Active PHP Bookmarks (APB) is a web-based program that allows you to store your bookmarks and display them in many useful ways. It will sort your bookmarks with usability in mind, keeping often- used bookmarks at your fingertips. It has a bookmark search, private/public bookmarks, nested groups, usage rankings, popularity sorting, and a quick add feature.
Ajaqs is a Web application that organizes FAQs on a per-project basis. The UI is templatized, the content is internationalized, and the styles are highly configurable. Secure login is provided via webapp security constraints. The backend uses an O-R mapping tool to achieve independence of database-specific queries. RSS feeds provide subscribers continuous updates on a per-project or per-FAQ basis. FAQs are dynamically served up as HTML pages, and can optionally be streamed to clients as PDF content.
Alexandria is a GNOME application to help manage a book collection. It retrieves book information (including cover pictures) from several online libraries, allows you to search for a book (either by EAN/ISBN, title, authors, or keyword), can import and export data into ONIX, Tellico, and EAN/ISBN-list formats, generates Web pages from your libraries, allows marking your books as loaned, saves data using the YAML format, features an HIG-compliant user interface, shows books in different views that can be filtered or sorted, and handles book rating and notes.
Nutch is highly scalable Web searching software which builds on top of Apache Hadoop and Lucene Java. Key features include a Web crawler, indexer, crawl management tools, parsers for HTML, PDF, DOC, and several other document formats, and an expandable architecture that allows you to plug in additional functionality such as document parsers, custom scoring algorithms, custom content parsers, protocols, and more.

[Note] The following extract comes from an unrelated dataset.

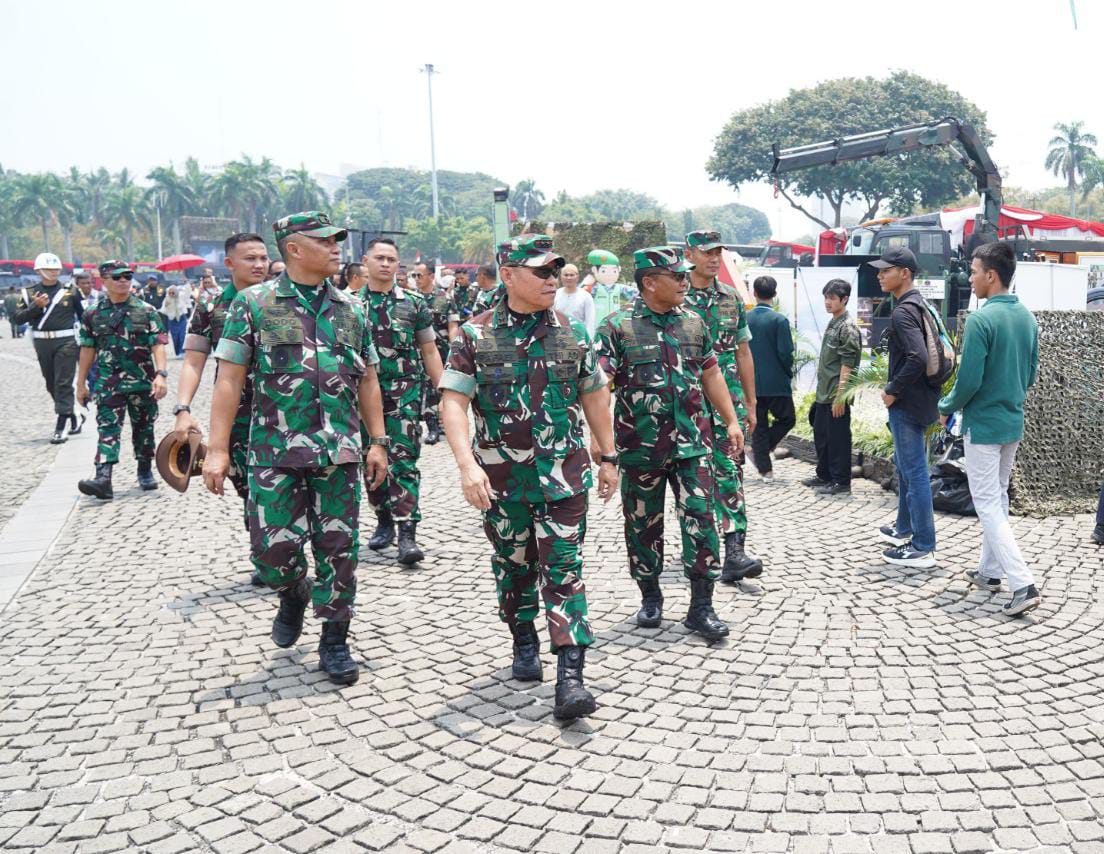 Pangdam Jaya Meninjau Gelaran Pesta Rakyat dalam rangka HUT Ke-79 TNI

Solr is an enterprise search platform from the Apache Lucene project. Its major features include powerful full-text search, hit highlighting, faceted search, dynamic clustering, database integration, and rich document (e.g. Word and PDF) handling. Solr is highly scalable, providing distributed search and index replication, and it powers the search and navigation features of many of the world's largest internet sites. Solr is written in Java and runs as a standalone full-text search server within a servlet container such as Tomcat. Solr uses the Lucene Java search library at its core for full-text indexing and search, and has REST-like HTTP/XML and JSON APIs that make it easy to use from virtually any programming language. Solr's powerful external configuration allows it to be tailored to almost any type of application without Java coding, and it has an extensive plugin architecture when more advanced customization is required.